→ Task to carry out
Starting at the line that contains "Bắt giữ nhiều" and stopping at the line that contains "Koala Bär Schläft", restate each line of the records below exactly. Omit the pictures.

→ Provided entries
+-------+
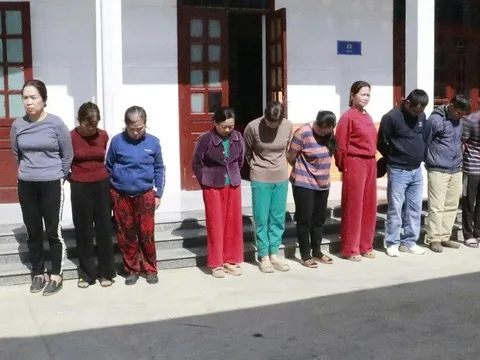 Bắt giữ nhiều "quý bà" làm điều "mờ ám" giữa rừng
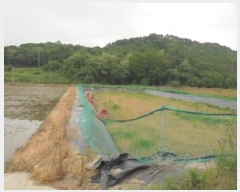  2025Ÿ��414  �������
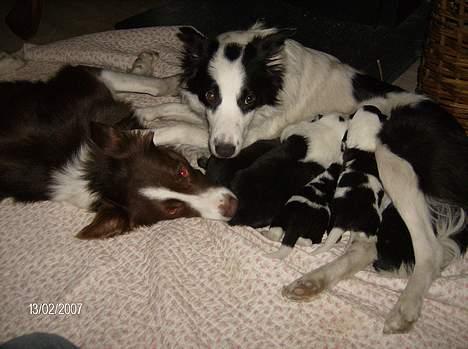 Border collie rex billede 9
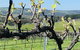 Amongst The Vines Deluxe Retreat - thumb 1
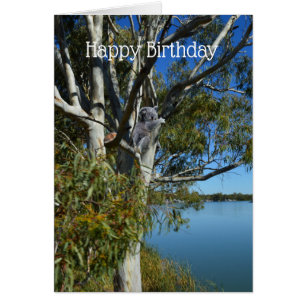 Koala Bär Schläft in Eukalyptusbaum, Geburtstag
+-------+
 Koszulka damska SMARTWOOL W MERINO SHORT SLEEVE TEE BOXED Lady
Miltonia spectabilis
+-------+
→ Result
 Bắt giữ nhiều "quý bà" làm điều "mờ ám" giữa rừng
  2025Ÿ��414  �������
 Border collie rex billede 9
 Amongst The Vines Deluxe Retreat - thumb 1
 Koala Bär Schläft in Eukalyptusbaum, Geburtstag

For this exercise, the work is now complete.